Moderna’s COVID-19 Vaccine is 94 Percent Effective

Moderna announced today relevant results concerning its Phase 3 study of mRNA-1273, a potential COVID-19 vaccine. Moderna’s data analysis reports a 94.1 percent vaccine efficacy that is “consistent across age, race, ethnicity and gender demographics.” The company also announced that today it plans to request an Emergency Use Authorization (EUA) from the US Food and Drug Administration (FDA), as well as approval from the European Medicine Association (EMA). The vaccine is reportedly fully effective in preventing severe COVID-19 cases. “This positive primary analysis confirms the ability of our vaccine to prevent COVID-19 disease with efficacy and the ability to prevent severe COVID-19 cases. We believe that our vaccine will provide a new and powerful tool that may change the course of this pandemic and help prevent severe disease, hospitalizations and death,” said Stéphane Bancel, CEO of Moderna.

As MBN reported, Pfizer’s vaccine is expected for arrival in Mexico in December. Last Thursday, as announced by El Financiero, Hugo López-Gatell informed that Pfizer had submitted its reports to COFEPRIS and it is expected that the vaccine will be approved later in December. Pfizer’s vaccine has an efficacy rate of 95 percent, according to a previous MBN article. However, it requires storage at temperatures between -70°C and -80°C. López-Gatell mentions that the pharmaceutical has the technological resources to store and transport the vaccine and that the government of Mexico and Pfizer are already discussing how to enable these technologies in Mexico. Paola Fontanelli, Corporate Communication, Digital Experience & Social Responsibility Director at Pfizer, said the company is expecting FDA’s resolution on Dec. 10. “In Mexico, we are hoping to acquire it in December or to have it available for the first groups in January,” reported el Financiero. The first groups to receive the vaccine will be determined by the Mexican government, but they are likely to include health professionals, people with comorbidities and seniors.

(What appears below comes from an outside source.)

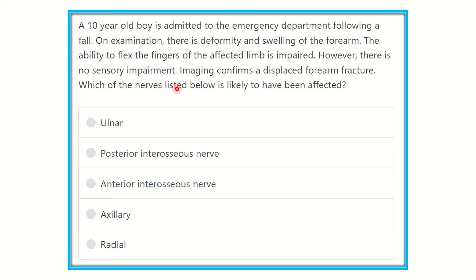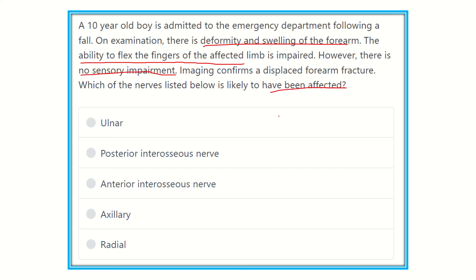Which nerve listed below is likely to have been affected? A 10-year-old boy admitted to the emergency department following a fall shows deformity and swelling of the forearm. The ability to flex the fingers is affected but there is no sensory impairment. The options are: ulnar nerve, posterior interosseous nerve, anterior interosseous nerve, axillary nerve, and radial nerve.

Last week, MBN reported that AstraZeneca, along with Oxford University researchers, announced positive, high-level results from their clinical trials. Their vaccine used two dosing regimens, one that showed 62 percent efficacy and another that showed 90 percent efficacy. However, last week Mene Pangalos, Head of AstraZeneca’s Non-Oncology Research and Development, told Reuters these two dosing regimens resulted from an error, raising many questions on the true effectiveness of the vaccine. Bloomberg reported that the company aims to do another test to confirm the 90 percent efficacy that it got in its clinical trials after many were concerned about the large discrepancy in efficacy results.